Kejanggalan kedua, tentang tidak adanya pemotretan dan sketsa. Pemotretan dilakukan agar dapat mengabadikan situasi atau keadaan TKP termasuk korban dan barang bukti lain pada saat diketemukan. Disamping bertujuan memberikan gambaran nyata situasi kondisi TKP, pemotretan sangat erat dengan identifikasi dan kedokteran forensik
Sementara, dalam pembuatan sketsa digunakan untuk menggambarkan situasi atau keadaan TKP seteliti mungkin guna kepentingan rekonstruksi di kemudian hari. Termasuk menampilkan barang-barang bukti yang ditemukan. Tanpa adanya berita acara pemotretan dan sketsa, maka rekontruksi yang akan dilakukan menjadi bias.

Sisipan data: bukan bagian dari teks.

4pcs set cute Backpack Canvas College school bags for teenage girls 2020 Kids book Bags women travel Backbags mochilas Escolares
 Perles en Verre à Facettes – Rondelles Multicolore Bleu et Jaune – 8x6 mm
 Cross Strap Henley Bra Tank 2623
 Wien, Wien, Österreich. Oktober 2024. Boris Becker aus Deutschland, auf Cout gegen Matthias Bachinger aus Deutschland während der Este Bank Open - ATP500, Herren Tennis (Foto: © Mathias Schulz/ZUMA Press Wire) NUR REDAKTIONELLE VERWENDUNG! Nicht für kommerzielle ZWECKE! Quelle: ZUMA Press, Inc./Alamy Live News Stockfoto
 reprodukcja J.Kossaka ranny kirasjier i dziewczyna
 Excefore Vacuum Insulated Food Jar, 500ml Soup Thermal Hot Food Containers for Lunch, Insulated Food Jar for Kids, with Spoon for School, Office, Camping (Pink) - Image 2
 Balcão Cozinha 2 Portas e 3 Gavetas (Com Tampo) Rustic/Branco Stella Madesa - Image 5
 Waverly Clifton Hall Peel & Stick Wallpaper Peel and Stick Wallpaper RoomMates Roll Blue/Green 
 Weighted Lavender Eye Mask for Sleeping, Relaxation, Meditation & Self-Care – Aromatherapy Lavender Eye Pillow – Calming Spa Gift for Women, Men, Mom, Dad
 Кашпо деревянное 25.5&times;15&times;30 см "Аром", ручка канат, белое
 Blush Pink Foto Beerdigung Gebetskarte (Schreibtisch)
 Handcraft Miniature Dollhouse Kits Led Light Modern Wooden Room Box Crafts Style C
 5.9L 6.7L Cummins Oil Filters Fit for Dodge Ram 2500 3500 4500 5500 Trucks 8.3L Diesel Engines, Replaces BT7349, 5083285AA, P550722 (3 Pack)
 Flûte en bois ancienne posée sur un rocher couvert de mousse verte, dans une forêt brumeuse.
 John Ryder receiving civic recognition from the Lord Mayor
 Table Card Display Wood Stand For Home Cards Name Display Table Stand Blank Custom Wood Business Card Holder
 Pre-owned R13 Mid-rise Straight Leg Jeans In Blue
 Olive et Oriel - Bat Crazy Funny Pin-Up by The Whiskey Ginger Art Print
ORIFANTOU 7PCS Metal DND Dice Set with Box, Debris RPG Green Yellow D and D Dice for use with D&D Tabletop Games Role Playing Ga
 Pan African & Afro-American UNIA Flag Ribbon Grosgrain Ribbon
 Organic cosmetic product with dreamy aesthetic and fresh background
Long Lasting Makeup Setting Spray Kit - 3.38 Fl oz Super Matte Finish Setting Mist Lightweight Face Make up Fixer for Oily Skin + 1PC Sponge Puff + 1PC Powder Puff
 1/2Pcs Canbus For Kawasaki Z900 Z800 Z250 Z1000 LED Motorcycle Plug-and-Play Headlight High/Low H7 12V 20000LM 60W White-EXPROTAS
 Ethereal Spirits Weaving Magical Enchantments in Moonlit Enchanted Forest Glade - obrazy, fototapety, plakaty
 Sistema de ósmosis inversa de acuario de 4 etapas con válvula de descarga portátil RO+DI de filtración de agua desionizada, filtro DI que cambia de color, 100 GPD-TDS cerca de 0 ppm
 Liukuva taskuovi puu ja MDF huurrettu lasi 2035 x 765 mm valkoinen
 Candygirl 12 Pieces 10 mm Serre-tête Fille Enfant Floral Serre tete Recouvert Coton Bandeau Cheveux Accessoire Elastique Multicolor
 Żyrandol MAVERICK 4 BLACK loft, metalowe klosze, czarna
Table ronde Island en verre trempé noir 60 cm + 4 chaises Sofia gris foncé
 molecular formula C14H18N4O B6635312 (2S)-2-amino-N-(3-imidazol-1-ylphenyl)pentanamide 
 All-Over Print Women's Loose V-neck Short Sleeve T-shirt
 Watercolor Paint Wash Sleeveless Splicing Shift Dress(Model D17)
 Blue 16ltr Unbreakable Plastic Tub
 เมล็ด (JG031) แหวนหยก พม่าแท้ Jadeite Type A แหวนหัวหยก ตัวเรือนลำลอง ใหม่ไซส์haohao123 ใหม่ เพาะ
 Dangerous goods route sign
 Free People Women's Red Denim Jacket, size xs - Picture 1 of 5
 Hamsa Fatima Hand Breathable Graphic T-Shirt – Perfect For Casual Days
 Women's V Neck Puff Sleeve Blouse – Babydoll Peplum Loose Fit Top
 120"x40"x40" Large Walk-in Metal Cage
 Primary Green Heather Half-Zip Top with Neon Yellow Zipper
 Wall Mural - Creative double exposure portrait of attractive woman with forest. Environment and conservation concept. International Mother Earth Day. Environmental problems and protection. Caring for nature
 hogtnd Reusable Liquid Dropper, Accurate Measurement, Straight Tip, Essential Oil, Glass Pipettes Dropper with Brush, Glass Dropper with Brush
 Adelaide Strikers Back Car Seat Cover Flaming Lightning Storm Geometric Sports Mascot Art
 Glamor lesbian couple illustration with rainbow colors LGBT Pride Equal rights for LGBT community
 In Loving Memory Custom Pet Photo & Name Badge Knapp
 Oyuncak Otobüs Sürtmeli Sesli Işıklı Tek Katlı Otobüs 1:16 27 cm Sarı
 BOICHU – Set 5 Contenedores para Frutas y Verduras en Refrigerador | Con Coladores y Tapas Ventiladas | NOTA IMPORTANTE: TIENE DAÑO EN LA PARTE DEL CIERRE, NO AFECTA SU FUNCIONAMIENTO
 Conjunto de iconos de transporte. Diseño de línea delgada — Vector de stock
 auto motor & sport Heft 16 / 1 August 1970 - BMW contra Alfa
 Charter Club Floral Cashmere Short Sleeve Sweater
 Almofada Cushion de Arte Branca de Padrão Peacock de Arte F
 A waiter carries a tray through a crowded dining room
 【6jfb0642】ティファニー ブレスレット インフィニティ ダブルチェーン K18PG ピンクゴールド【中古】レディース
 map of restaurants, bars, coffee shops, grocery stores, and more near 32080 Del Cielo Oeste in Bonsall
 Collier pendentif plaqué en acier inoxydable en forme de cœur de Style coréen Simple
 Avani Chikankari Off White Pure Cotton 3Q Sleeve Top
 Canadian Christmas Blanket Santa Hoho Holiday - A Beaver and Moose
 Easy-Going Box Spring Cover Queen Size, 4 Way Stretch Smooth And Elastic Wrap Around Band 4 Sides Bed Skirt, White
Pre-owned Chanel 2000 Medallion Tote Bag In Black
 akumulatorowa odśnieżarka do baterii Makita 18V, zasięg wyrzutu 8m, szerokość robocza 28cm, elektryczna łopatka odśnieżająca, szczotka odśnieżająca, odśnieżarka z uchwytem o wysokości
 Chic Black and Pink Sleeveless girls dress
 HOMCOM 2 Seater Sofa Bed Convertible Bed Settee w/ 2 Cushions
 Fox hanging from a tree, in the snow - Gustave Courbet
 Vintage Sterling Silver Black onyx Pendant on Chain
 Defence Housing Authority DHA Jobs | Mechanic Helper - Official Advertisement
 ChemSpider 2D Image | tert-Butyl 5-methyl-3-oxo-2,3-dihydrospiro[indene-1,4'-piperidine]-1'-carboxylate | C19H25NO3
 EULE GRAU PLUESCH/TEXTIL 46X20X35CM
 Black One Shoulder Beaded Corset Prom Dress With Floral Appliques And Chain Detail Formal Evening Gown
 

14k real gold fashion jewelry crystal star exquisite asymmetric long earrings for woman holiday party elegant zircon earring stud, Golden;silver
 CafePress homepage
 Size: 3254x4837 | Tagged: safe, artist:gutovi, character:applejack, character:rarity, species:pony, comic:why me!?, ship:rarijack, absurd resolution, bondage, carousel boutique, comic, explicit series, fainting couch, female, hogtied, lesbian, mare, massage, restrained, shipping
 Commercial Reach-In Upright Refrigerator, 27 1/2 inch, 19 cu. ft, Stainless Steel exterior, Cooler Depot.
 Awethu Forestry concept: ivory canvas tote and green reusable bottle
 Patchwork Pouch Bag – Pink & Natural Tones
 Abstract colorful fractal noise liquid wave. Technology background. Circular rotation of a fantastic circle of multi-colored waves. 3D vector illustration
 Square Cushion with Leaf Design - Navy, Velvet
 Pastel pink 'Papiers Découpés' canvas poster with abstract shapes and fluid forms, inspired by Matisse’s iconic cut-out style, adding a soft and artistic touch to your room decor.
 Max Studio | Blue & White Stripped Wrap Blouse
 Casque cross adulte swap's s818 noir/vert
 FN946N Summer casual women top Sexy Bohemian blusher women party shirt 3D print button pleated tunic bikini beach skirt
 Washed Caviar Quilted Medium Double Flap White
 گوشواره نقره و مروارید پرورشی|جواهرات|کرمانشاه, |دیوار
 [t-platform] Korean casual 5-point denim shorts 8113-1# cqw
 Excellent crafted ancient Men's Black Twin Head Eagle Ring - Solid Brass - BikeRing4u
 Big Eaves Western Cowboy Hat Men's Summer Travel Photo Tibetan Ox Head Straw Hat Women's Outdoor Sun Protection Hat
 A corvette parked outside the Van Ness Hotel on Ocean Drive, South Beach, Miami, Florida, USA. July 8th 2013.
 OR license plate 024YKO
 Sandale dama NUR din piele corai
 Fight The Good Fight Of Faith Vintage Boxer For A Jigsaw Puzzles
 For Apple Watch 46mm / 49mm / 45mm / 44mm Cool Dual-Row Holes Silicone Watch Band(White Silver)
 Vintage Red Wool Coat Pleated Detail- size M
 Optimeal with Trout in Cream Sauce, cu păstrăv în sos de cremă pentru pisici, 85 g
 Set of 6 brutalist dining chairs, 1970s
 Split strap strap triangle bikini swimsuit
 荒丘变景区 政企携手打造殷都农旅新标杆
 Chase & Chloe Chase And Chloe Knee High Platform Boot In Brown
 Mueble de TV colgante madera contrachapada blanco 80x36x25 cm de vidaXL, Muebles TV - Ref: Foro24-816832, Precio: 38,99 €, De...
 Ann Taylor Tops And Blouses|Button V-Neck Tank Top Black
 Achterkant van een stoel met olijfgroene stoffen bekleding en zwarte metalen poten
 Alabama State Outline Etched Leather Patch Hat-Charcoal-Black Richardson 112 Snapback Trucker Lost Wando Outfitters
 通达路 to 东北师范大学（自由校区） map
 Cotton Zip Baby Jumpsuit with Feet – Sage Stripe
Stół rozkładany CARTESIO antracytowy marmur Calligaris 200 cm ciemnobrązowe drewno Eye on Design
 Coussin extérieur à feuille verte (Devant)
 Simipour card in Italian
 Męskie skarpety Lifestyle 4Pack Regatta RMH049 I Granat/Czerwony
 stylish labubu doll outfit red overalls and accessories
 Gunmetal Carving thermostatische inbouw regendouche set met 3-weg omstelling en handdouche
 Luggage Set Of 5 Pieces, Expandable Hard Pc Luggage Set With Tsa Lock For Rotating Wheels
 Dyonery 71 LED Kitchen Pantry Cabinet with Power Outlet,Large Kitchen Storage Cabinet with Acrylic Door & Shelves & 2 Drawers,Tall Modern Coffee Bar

Baik pemotretan maupun sketsa ini, tidak ditampilkan oleh pihak Polri saat mengumumkan kejadian perkara atas tewasnya Brigpol Yosua, termasuk jenis senjata, nomor register senjata dan kaliber peluru yang telah ditemukan. Sehingga, masyarakat menilai ada banyak kejanggalan dalam kasus tersebut.
Kejanggalan ketiga, karena penanganan pertama kasus tewasnya Brigpol Yosua tersebut sudah terjadi kejanggalan-kejanggalan. Hingga jenazah tidak boleh dibuka dan akhirnya ditemukan ada sayatan, maka keluarga dan kuasa hukumnya meminta dilakukan otopsi ulang. Kapolri menyepakati diadakannya outopsi ulang pada hari Rabu (27/7/2022) ini, dengan melibatkan ahli-ahli yang netral dari Perhimpunan Dokter Forensik Indonesia (PDFI).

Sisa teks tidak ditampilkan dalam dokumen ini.